Under the intense heat of Pakistan’s southern mango belt, workers swiftly climb tree branches, tossing freshly harvested mangoes into sacks held by farmhands below. Despite the mango season being in full swing since June in Sindh province, the volume destined for export markets is significantly lower than usual. Pakistan’s agriculture-reliant economy is feeling the strain of the ongoing Middle East conflict, a crisis the government has recently helped mediate.
In a notable development, a preliminary ceasefire agreement between the conflicting parties was announced this week, but it arrived too late to benefit the current mango season. Traders anticipate a decline of at least 30% in export sales this year, attributing the fall to weakened demand in key markets such as the Gulf region and sharply increased shipping expenses.
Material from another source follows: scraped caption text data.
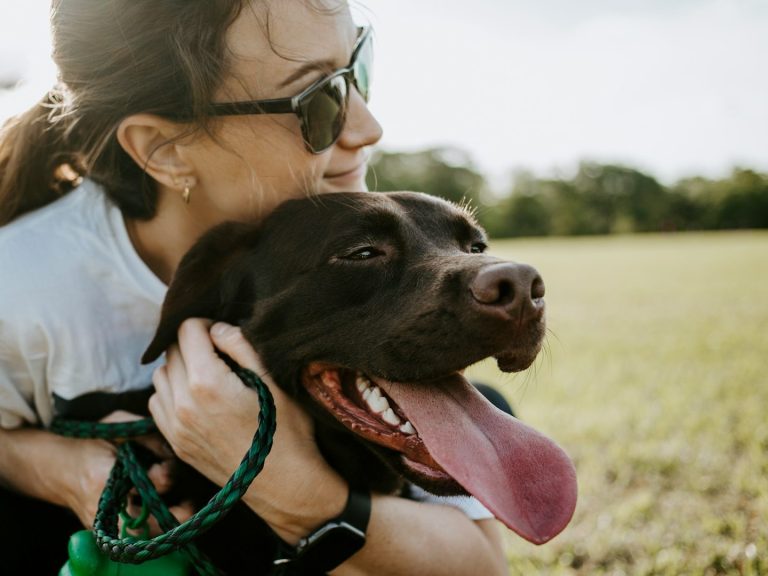 correa y collares para tu bella mascota , darle su capricho , es tu fiel amigo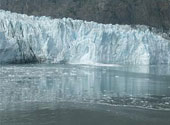 Dezgheţul arctic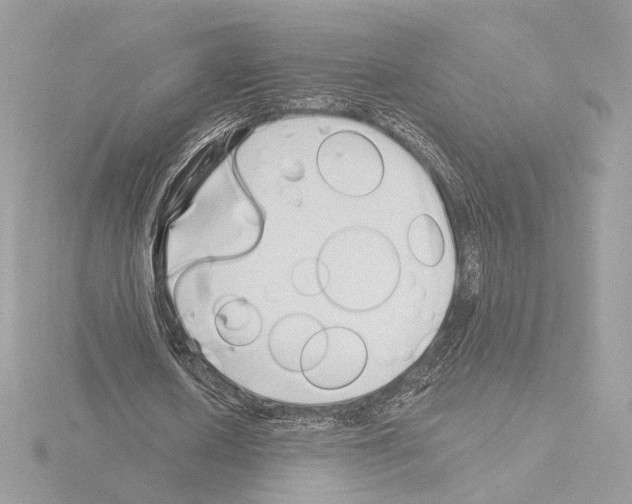 X0000115520626200912181507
Domestic sales have also suffered as local consumers, grappling with inflation triggered by the regional turmoil, are reluctant to purchase mangoes.
In Tando Allahyar, the heart of mango cultivation, orchard manager Mohammad Shakeel oversees groves of the prized Sindhri variety, known for its rich taste and juicy texture. Shakeel expressed concern that his business might not generate enough revenue to cover orchard lease costs, with some leaseholders abandoning their contracts altogether. “Significant losses have been incurred, and some contractors have forfeited their advance payments,” he explained.
Pakistan, often referred to as the “king of fruits” producer in South Asia, cultivates over two dozen mango varieties and typically earns about $110 million annually from international sales, ranking it as the world’s fourth-largest mango exporter. The current challenges highlight the vulnerability of Pakistan’s economy, which depends heavily on agriculture already strained by climate change effects.
Waheed Ahmed, Chief Patron of the All Pakistan Fruit and Vegetable Exporter Association, emphasized that nearly 80% of mango exports go to the Gulf countries, Iran, and Afghanistan—all regions currently affected by conflict. He projected a reduction of approximately 30,000 tonnes in mango exports this year, down to 80,000 tonnes. “The border with Afghanistan remains closed, Iran is embroiled in war, and the entire Middle East is in turmoil,” Ahmed noted.
While the recent ceasefire between the United States and Iran offers some hope, it remains uncertain and came too late to influence this year’s roughly three-month mango season. Trade with Afghanistan has also stalled due to ongoing conflict, leaving hundreds of trucks stranded at closed border points for months. Additionally, blockades near the Strait of Hormuz have driven up energy prices, causing shipping costs to surge dramatically. Ahmed estimated that the cost to ship a 25-tonne container of mangoes has risen from about $1,400 last year to between $6,000 and $7,000 this year.
Any expectation that surplus mangoes flooding local markets might compensate for lost export revenue has been undermined by consumers’ financial difficulties amid rising prices for essential goods. In Karachi’s bustling outdoor markets, customer Muhammad Ashad observed mango prices at roughly Rs 200 ($0.72) per kilogram—about half of last year’s price. “Mangoes are much cheaper this season due to halted exports,” he said, adding, “Despite the availability of good-quality mangoes, many people cannot afford to buy them.”
Pakistan’s inflation rate surged to 10% in the three months following the conflict’s outbreak, up from 5.5% during the July-February period, government data. Shakeel confirmed the impact on local sales, stating, “Prices are low in the domestic market, but many cannot afford mangoes. With rising expenses and low incomes, people must choose between buying bread or mangoes.”